_WHAT YOU WILL DO:_
Transcribe every line of the material below without change, apart from dropping the pictures.

_DATA PROVIDED:_
=== Section Start ===
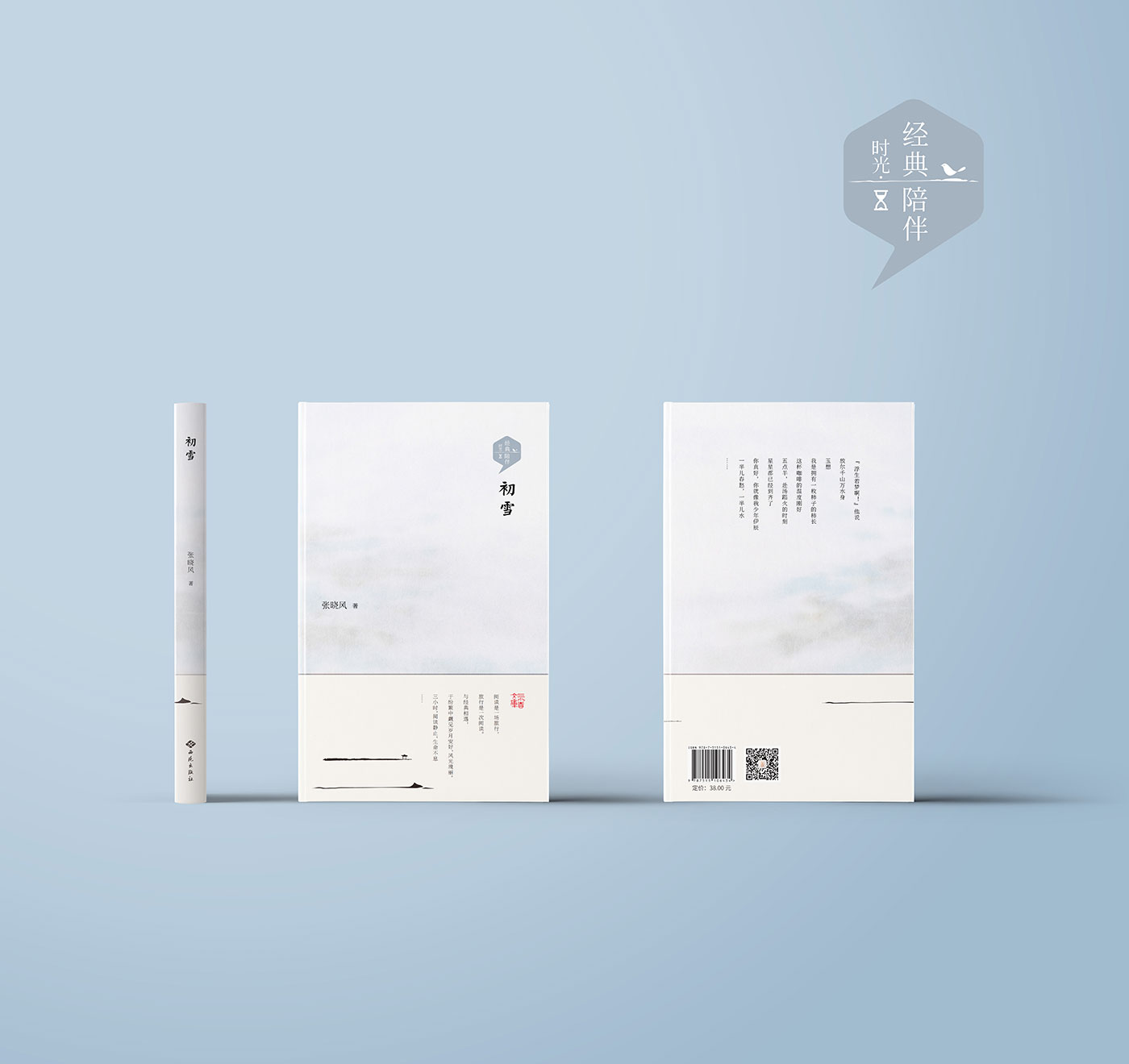 時(shí)光 · 經(jīng)典陪伴系列叢書(shū)設(shè)計(jì)-清尚藝美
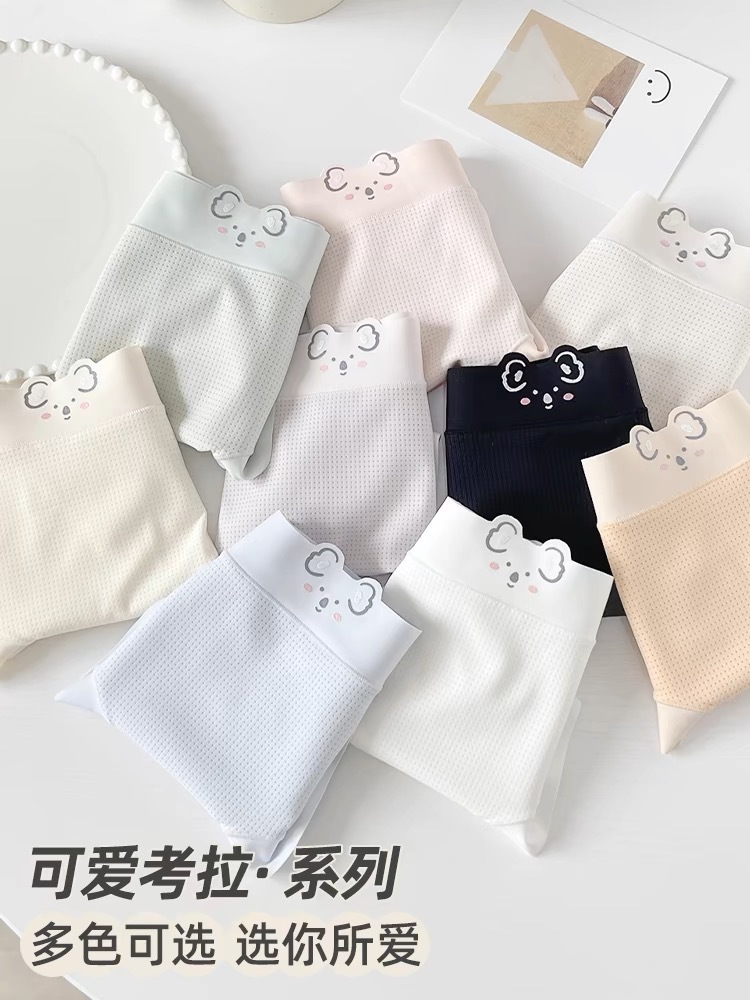 详情图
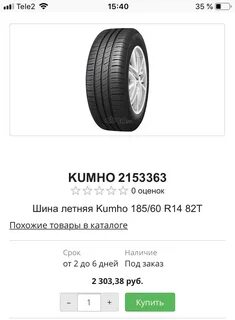 Размер покрышек калина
=== Section End ===
_ANSWER TO THIS TASK:_
 時(shí)光 · 經(jīng)典陪伴系列叢書(shū)設(shè)計(jì)-清尚藝美
 详情图
 Размер покрышек калина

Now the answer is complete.